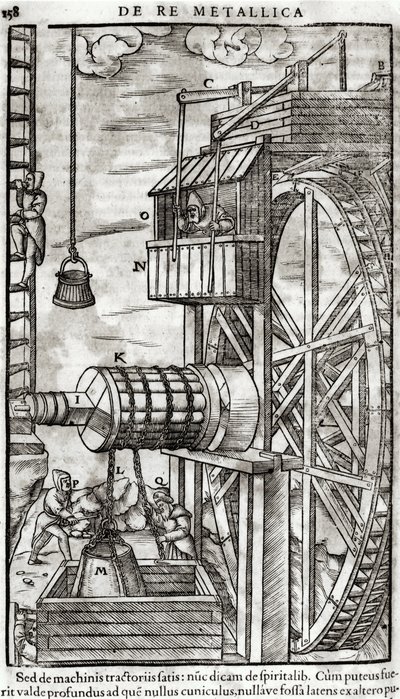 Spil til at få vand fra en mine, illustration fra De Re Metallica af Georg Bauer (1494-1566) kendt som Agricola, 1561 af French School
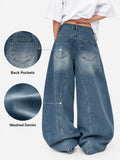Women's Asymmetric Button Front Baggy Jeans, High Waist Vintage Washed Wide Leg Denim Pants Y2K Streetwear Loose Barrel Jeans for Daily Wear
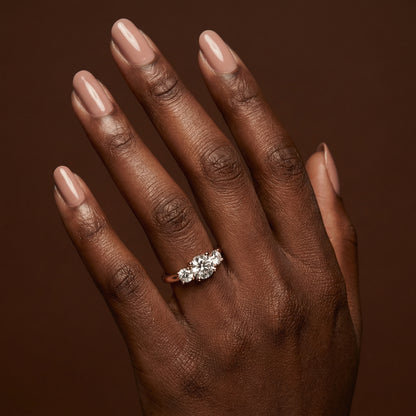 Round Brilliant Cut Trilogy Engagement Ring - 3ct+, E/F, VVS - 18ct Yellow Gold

What is expected:
From the first line to the last, reproduce the listing above exactly, leaving the pictures out.

Result of this exercise:
 Spil til at få vand fra en mine, illustration fra De Re Metallica af Georg Bauer (1494-1566) kendt som Agricola, 1561 af French School
Women's Asymmetric Button Front Baggy Jeans, High Waist Vintage Washed Wide Leg Denim Pants Y2K Streetwear Loose Barrel Jeans for Daily Wear
 Round Brilliant Cut Trilogy Engagement Ring - 3ct+, E/F, VVS - 18ct Yellow Gold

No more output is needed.